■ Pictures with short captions

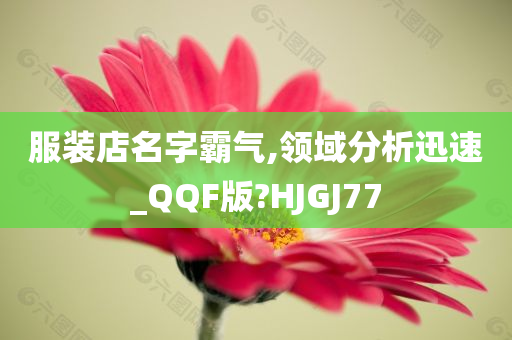 服装店名字霸气,领域分析迅速_QQF版?HJGJ77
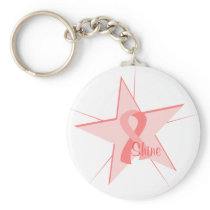 Pink Star keychains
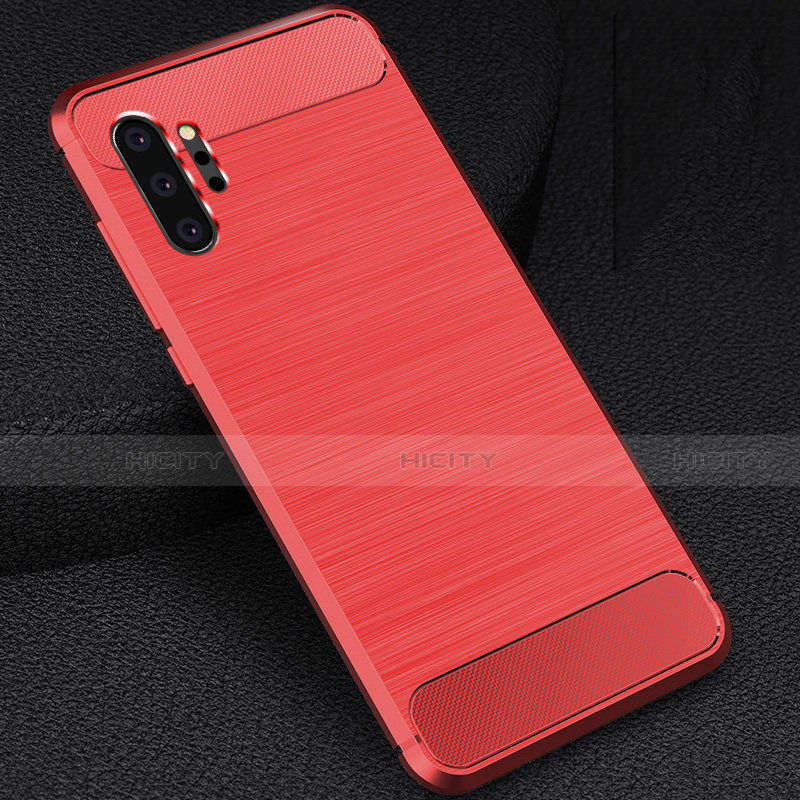 Funda Silicona Carcasa Goma Line C02 para Samsung Galaxy Note 10 Plus Rojo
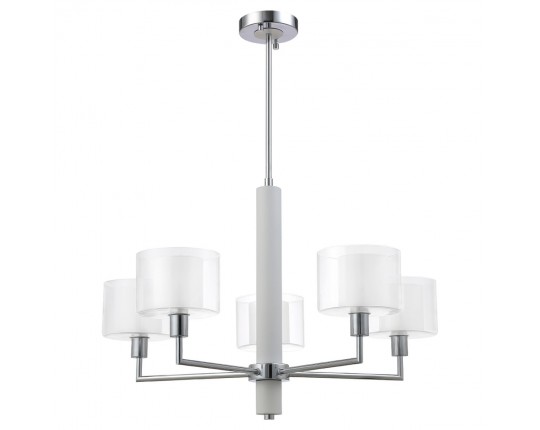 Подвесная люстра Crystal Lux Maestro SP-PL5 Chrome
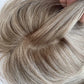 Volumateur en Cheveux Naturels - Base en Soie : Intégration Invisible Doublement Lissée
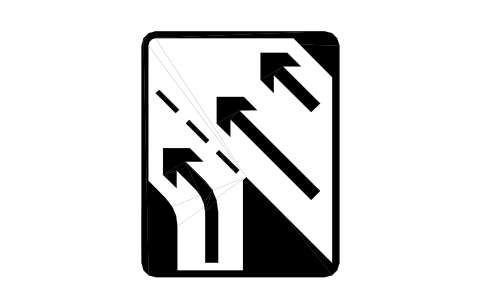 Vorschau des Symbols 868.1N Extra lane joining 2, Block RKD_868_1N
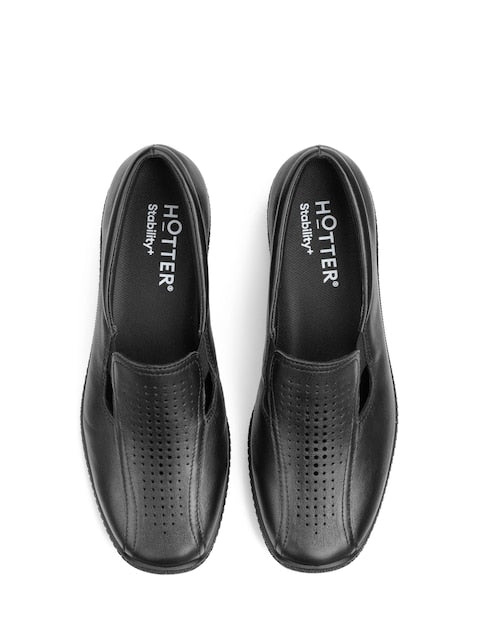 Hotter Ladies Calypso II Shoes In Black
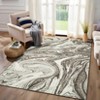 Modern Abstract Bedroom Living Room Rugs, Washable Low Pile Non Slip Dining Room Carpet - 3 of 4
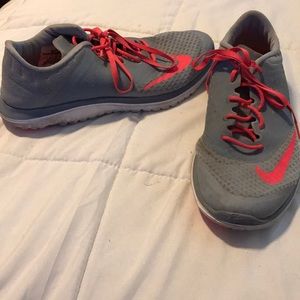 Grey and pink Nike’s!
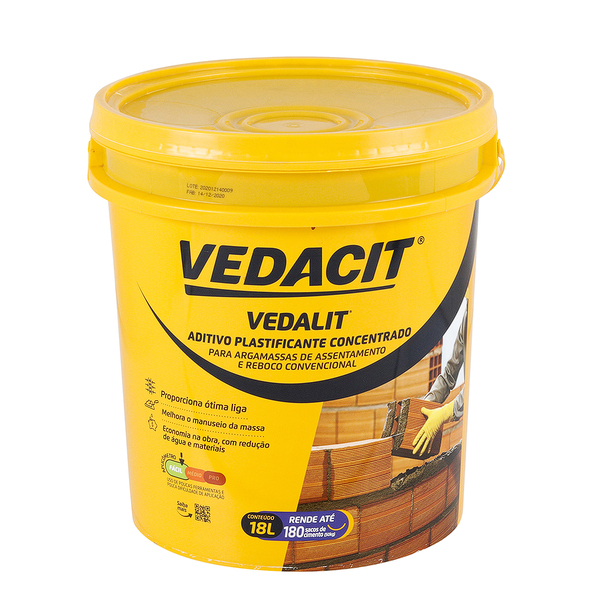 ADESIVO PLASTIFIICANTE 18L - VEDACIT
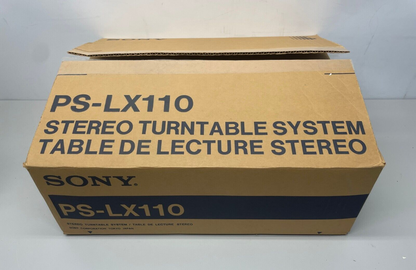Sony PS-LX110 Servo Controlled Turntable Automatic Stereo Turntable System EX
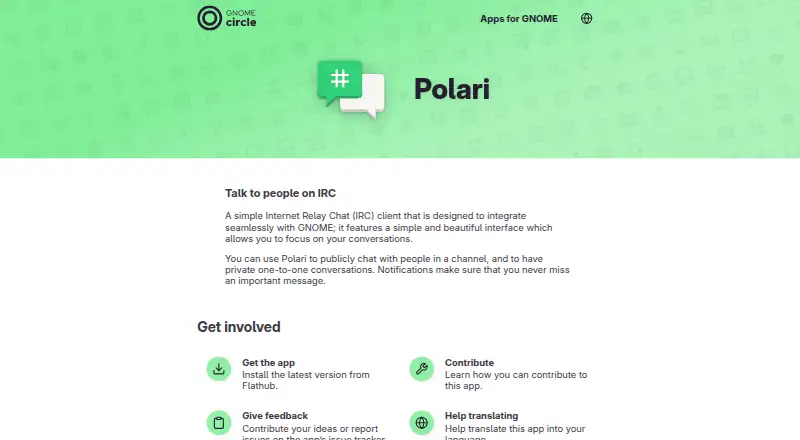 Polari screenshot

■ ABOUT THIS TASK
With the pictures set aside, please write out all of the records above exactly.

■ RESPONSE
 服装店名字霸气,领域分析迅速_QQF版?HJGJ77
 Pink Star keychains
 Funda Silicona Carcasa Goma Line C02 para Samsung Galaxy Note 10 Plus Rojo
 Подвесная люстра Crystal Lux Maestro SP-PL5 Chrome
 Volumateur en Cheveux Naturels - Base en Soie : Intégration Invisible Doublement Lissée
 Vorschau des Symbols 868.1N Extra lane joining 2, Block RKD_868_1N
 Hotter Ladies Calypso II Shoes In Black
 Modern Abstract Bedroom Living Room Rugs, Washable Low Pile Non Slip Dining Room Carpet - 3 of 4
 Grey and pink Nike’s!
 ADESIVO PLASTIFIICANTE 18L - VEDACIT
Sony PS-LX110 Servo Controlled Turntable Automatic Stereo Turntable System EX
 Polari screenshot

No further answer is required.